Give back each line of the data exactly as it reads, minus the pictures.

Information supplied:
========================================

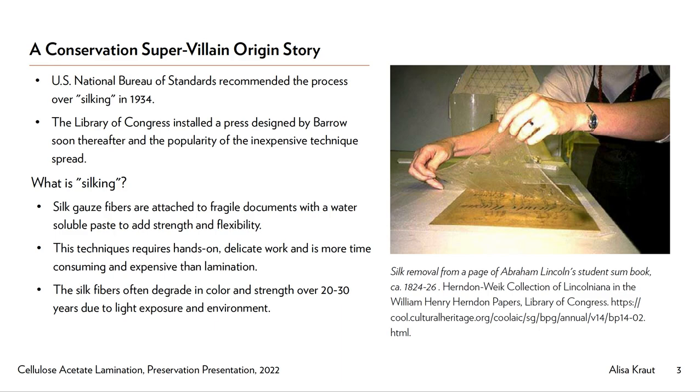Lamination was presented as a better alternative to a technique called silking, which used thin silk gauze as a strengthening layer attached by hand to the original document with a water-soluble paste like starch paste or wheat paste. Unfortunately, the silk material started to decay and the repairs only lasted two to three decades. While coating a document in this manner may seem drastic now, silking was completely reversible with water and safe to use on many materials.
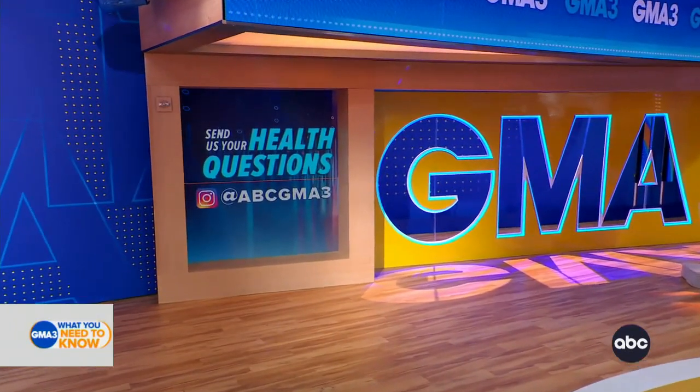Good advice here. Thank you. And folks, we would love to hear from you. Please hit us up on Instagram with all of your medical questions for Dr. Darien at ABC GMA3.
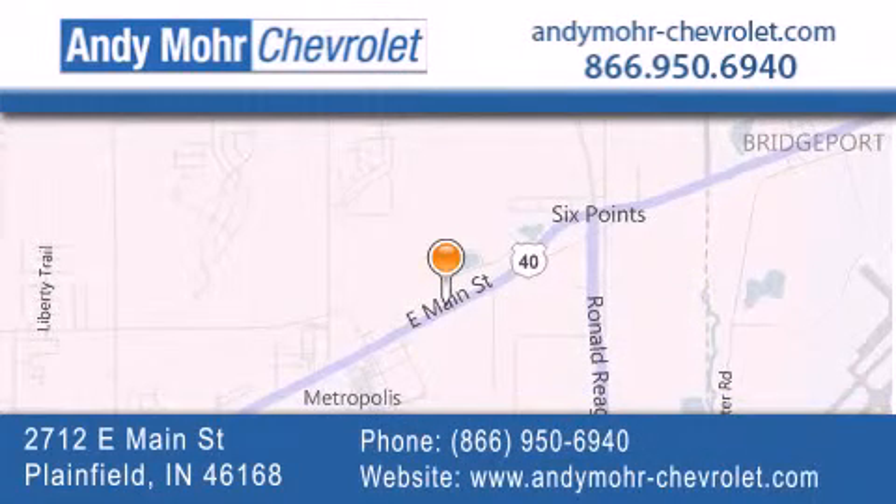You can visit our new and pre-owned inventory online, get new car pricing and receive free no obligation price quotes. Visit Andy Moore Chevrolet today at 2712 East Main Street in Plainfield or see us online at andymoore-chevrolet.com.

========================================

Task response:
Lamination was presented as a better alternative to a technique called silking, which used thin silk gauze as a strengthening layer attached by hand to the original document with a water-soluble paste like starch paste or wheat paste. Unfortunately, the silk material started to decay and the repairs only lasted two to three decades. While coating a document in this manner may seem drastic now, silking was completely reversible with water and safe to use on many materials.
Good advice here. Thank you. And folks, we would love to hear from you. Please hit us up on Instagram with all of your medical questions for Dr. Darien at ABC GMA3.
You can visit our new and pre-owned inventory online, get new car pricing and receive free no obligation price quotes. Visit Andy Moore Chevrolet today at 2712 East Main Street in Plainfield or see us online at andymoore-chevrolet.com.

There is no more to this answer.